DESCRIPTION OF THE TASK:
When you reach the records below, output every one exactly as written but leave out any pictures.

RECORD EXCERPTS:
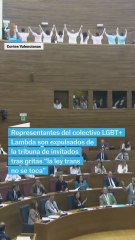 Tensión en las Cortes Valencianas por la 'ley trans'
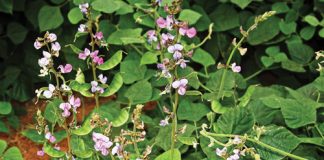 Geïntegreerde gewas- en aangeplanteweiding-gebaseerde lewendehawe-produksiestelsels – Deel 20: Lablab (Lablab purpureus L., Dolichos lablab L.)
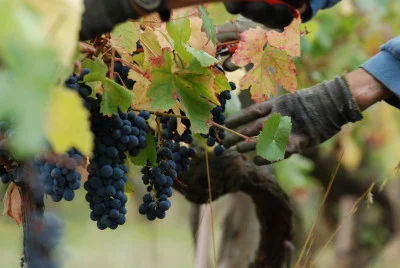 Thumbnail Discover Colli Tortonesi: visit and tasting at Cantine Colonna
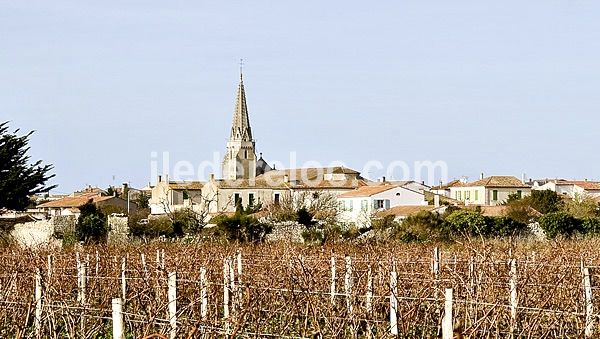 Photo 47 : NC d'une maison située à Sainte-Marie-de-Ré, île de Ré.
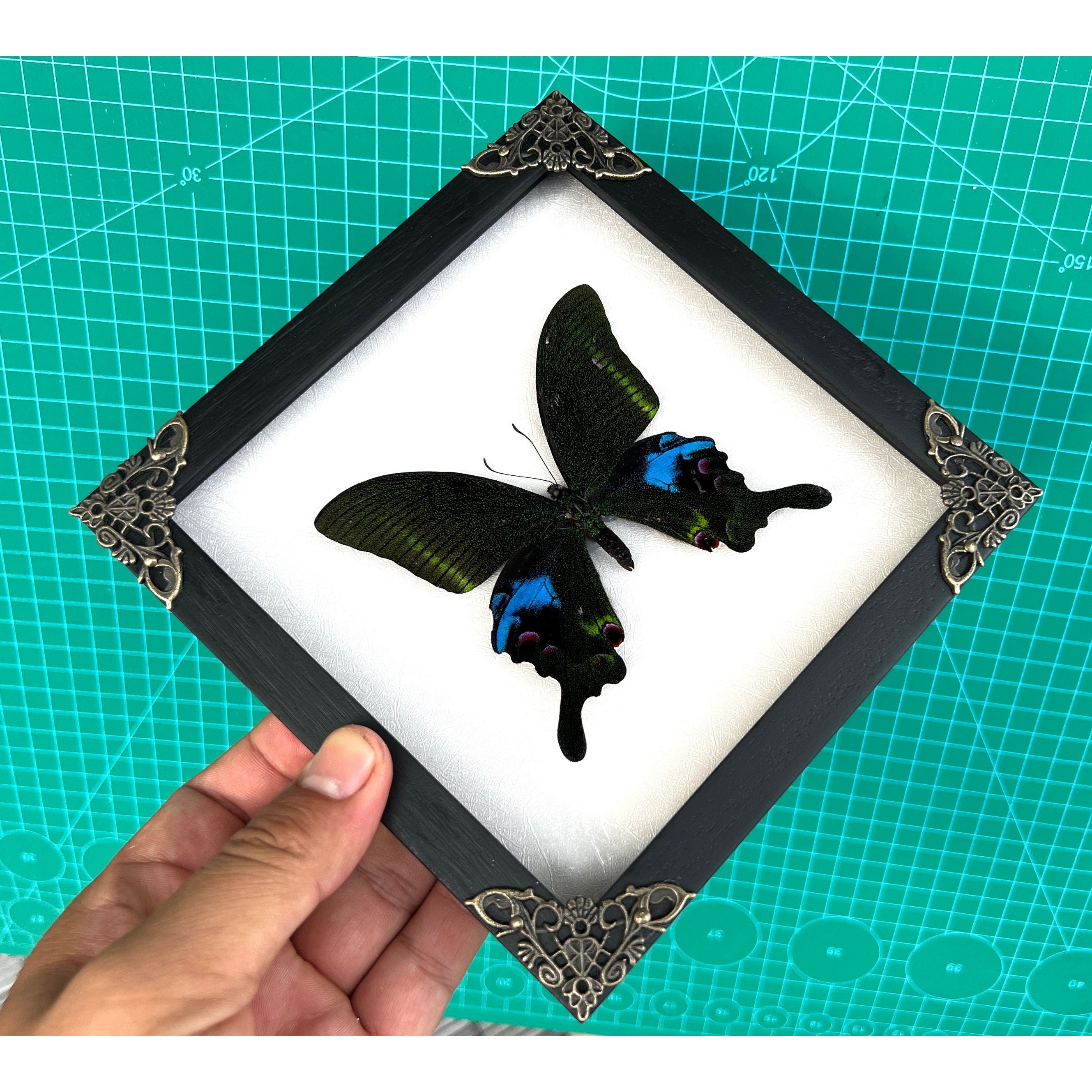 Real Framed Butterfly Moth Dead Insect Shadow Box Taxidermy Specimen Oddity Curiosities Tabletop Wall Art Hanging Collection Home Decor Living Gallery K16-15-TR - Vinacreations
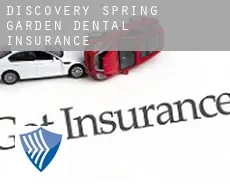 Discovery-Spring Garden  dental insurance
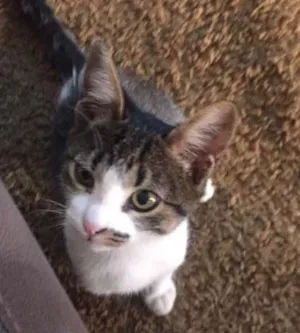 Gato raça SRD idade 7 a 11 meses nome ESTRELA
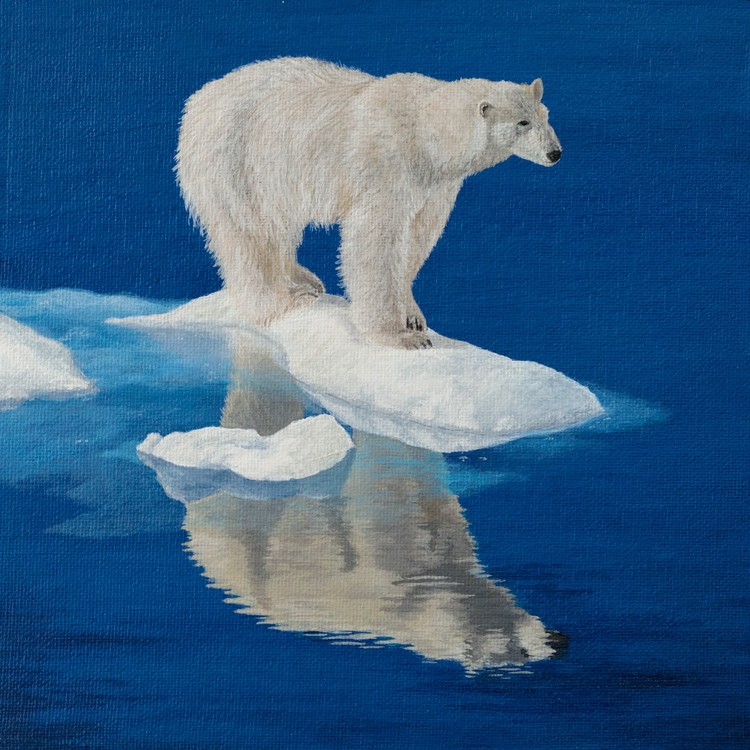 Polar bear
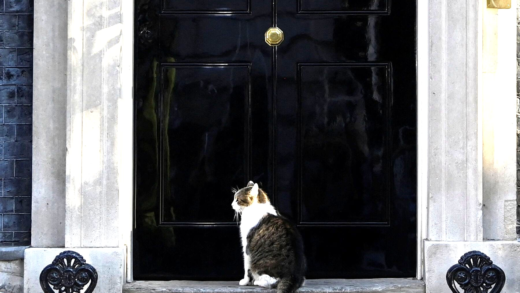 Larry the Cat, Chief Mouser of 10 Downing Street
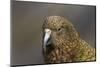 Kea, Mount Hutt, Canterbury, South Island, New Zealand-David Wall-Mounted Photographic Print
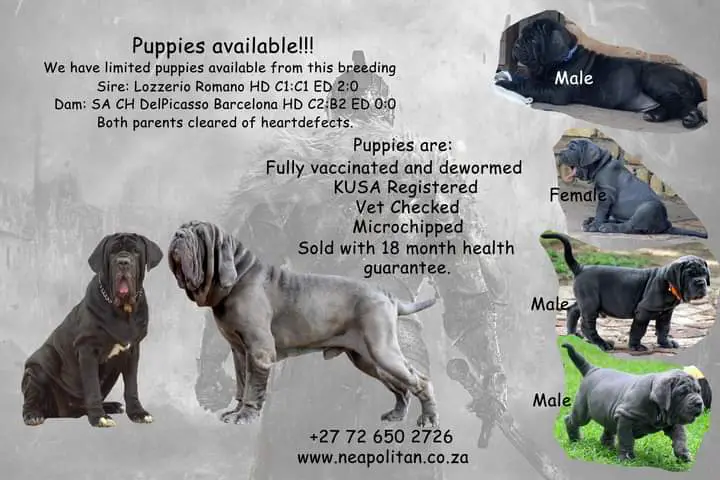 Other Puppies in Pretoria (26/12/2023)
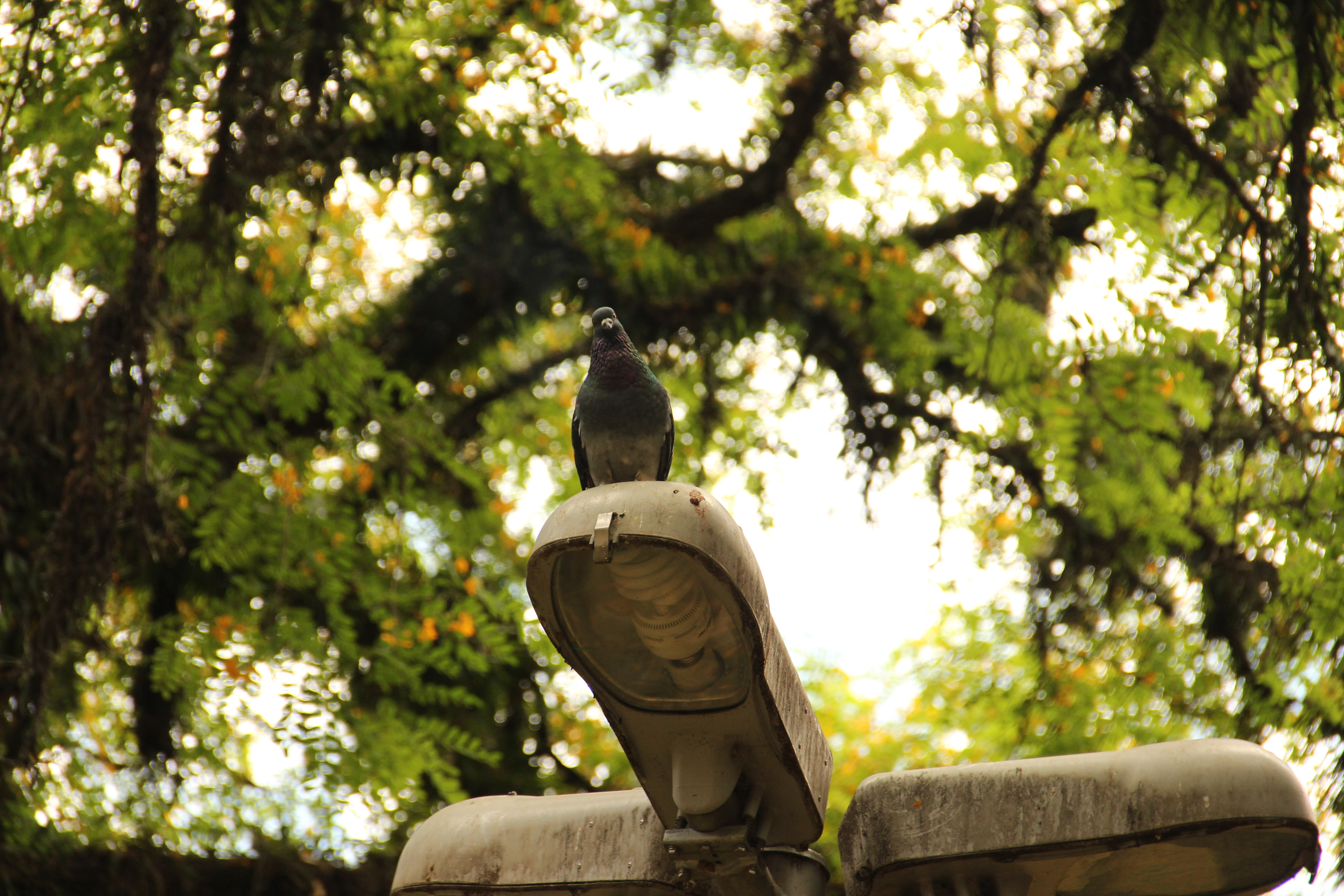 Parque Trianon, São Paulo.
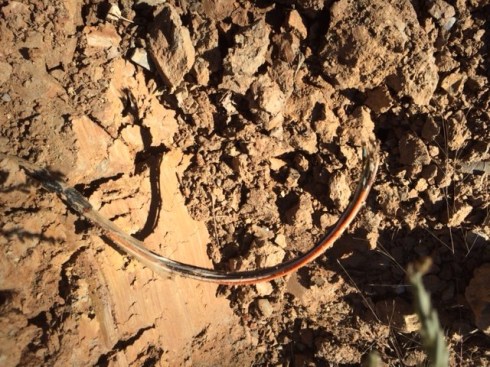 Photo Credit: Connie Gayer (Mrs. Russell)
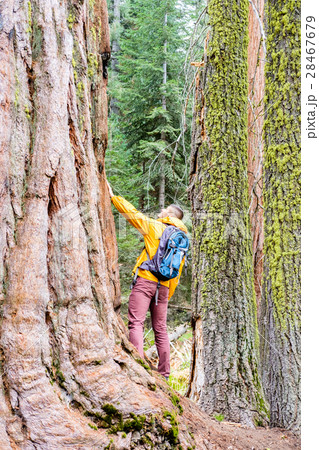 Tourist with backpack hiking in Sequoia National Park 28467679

TASK RESULT:
 Tensión en las Cortes Valencianas por la 'ley trans'
 Geïntegreerde gewas- en aangeplanteweiding-gebaseerde lewendehawe-produksiestelsels – Deel 20: Lablab (Lablab purpureus L., Dolichos lablab L.)
 Thumbnail Discover Colli Tortonesi: visit and tasting at Cantine Colonna
 Photo 47 : NC d'une maison située à Sainte-Marie-de-Ré, île de Ré.
 Real Framed Butterfly Moth Dead Insect Shadow Box Taxidermy Specimen Oddity Curiosities Tabletop Wall Art Hanging Collection Home Decor Living Gallery K16-15-TR - Vinacreations
 Discovery-Spring Garden  dental insurance
 Gato raça SRD idade 7 a 11 meses nome ESTRELA
 Polar bear
 Larry the Cat, Chief Mouser of 10 Downing Street
 Kea, Mount Hutt, Canterbury, South Island, New Zealand-David Wall-Mounted Photographic Print
 Other Puppies in Pretoria (26/12/2023)
 Parque Trianon, São Paulo.
 Photo Credit: Connie Gayer (Mrs. Russell)
 Tourist with backpack hiking in Sequoia National Park 28467679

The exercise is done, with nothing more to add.